Purely hydraulically-actuated steering systems, particularly for vehicles with four steered wheels, are known which substantially comprise two steered front wheels and two steered rear wheels, which are associated with a respective actuation mechanism operated by a fluid medium (oil), a tank for the fluid, and a pump that feeds the fluid drawn from the tank to a hydraulic power steering unit, which controls its flow along a line for transmission to the two actuation mechanisms, a line for returning the fluid to the tank by means of said hydraulic power steering unit being provided.
The hydraulic power steering unit is controlled externally by means of a steering column provided with a control wheel.
Each one of the two actuation mechanisms is constituted by a double-acting hydraulic cylinder, the stem of which reaches outside both opposite ends of the cylinder body in order to actuate a respective wheel, the chambers of the two cylinders being provided with a respective opening that is connected selectively to the chambers of the other cylinder, to the delivery from the hydraulic power steering unit, and to the return to said unit.

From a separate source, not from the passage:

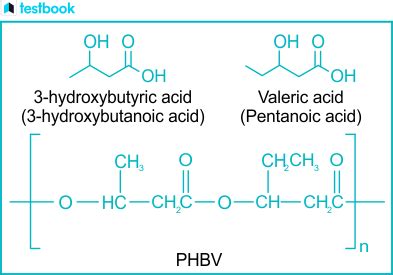 Image result for Biodegradable Polymers Examples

Devices for reversing the flow of the fluid and/or valves and/or distribution units that are suitable to select the steering modes, with two or four wheels, can optionally be provided along the transmission line.
In the mode with four steered wheels, the fluid, sent under pressure by the pump to the hydraulic power steering unit, is sent to feed a chamber of one of the two hydraulic cylinders, the fluid in output from the opposite chamber of that cylinder is sent, by means of the transmission line, to feed a chamber of the other hydraulic cylinder, while the fluid in output from the opposite chamber of this last cylinder is sent to the return line, which leads into the tank by means of the hydraulic power steering unit.
Depending on the steering direction, one of the two hydraulic cylinders acts as an actuator for the other cylinder.
These known types of purely hydraulically-actuated steering systems are not free from drawbacks, including the fact that they are affected by bleeding of fluid, which causes misalignments between the front wheels and the rear wheels and therefore cause incorrect steering.
Bleeding occurs in particular within the two hydraulic cylinders and are generally different between the two cylinders, and is due for example to wear of the corresponding sliding components, to dimensional tolerances, et cetera.
In order to obviate this drawback, it is known for example to lock the rear wheels in a “straight” configuration, i.e., parallel to the longitudinal axis of the vehicle, and to “manually” align the front wheels with them by acting on the steering system and checking the position of the front wheels with respect to the rear wheels by means of a simple visual check on the part of operators.
This “manual” method is disadvantageously labor-intensive, time-consuming and inaccurate, since it is entrusted to the skill of the operators; moreover, it is not feasible if the wheels of the vehicles are even only partially covered by a protective housing, such as for example the wheels of certain vehicles for agricultural use or for earth-moving.
Electronic control systems are also known which are substantially constituted by means (sensors) for detecting the steering angle of the front wheels and by means (sensors) for detecting the steering angle of the rear wheels, which are functionally associated with a processing unit, which computes any discrepancy between the two detected values, emitting a corresponding output signal.
The output signal can control, for example, a warning device that reports the detected discrepancy to the operator and therefore reports the need to perform a “manual” realignment of the wheels.
As an alternative, the output signal can control a correction device, which is inserted along the distribution line and by means of which the flow-rate of fluid to be sent to the two hydraulic cylinders in order to realign the wheels can be modified periodically or depending on a preset threshold value of the computed discrepancy.
These electronic control systems are not free from drawbacks, including the fact that they are very complex and expensive, the fact that they do not allow “constant” or “continuous” wheel realignment but only a periodic or occasional realignment, since it is entrusted either to the voluntary intervention of the operator or to the activation of the control device, and the fact that if they merely report to the operator the need to perform realignment, said realignment depends on the skill and sensitivity of said operator.
Finally, automatic realignment devices are known which consist in providing, on the internal wall of the body of the hydraulic cylinders and proximate to their opposite ends, a groove that cooperates with the sealing gasket of the respective piston.
When the piston has reached the end of its stroke, which is generally set by an external locking of the steering lever that connects one end of the stem of the hydraulic cylinder to the respective wheel, the sealing gasket of the piston is arranged at the groove.
Accordingly, a certain amount of oil bleeds from the active chamber of the hydraulic cylinder toward the groove thus exposed, in order to be fed, via a duct for connection to the distribution line, into the active chamber of the other hydraulic cylinder and thus take up any misalignments.
However, even these known automatic realignment devices are not free from drawbacks, including the fact that their operation is inaccurate and inconstant, as it in fact depends on many variables, including for example the dimensional tolerances of the hydraulic cylinders, the elasticity of the gasket used, and the physical characteristics of the fluid used (viscosity, temperature, et cetera), which can vary in different operating conditions.
Another drawback of known automatic devices is that even if the grooves are finished and blended accurately to the internal wall of the cylinder body, they cause abnormal and frequent wear and damage of the piston gasket, which accordingly has a shorter average life and therefore must be replaced frequently.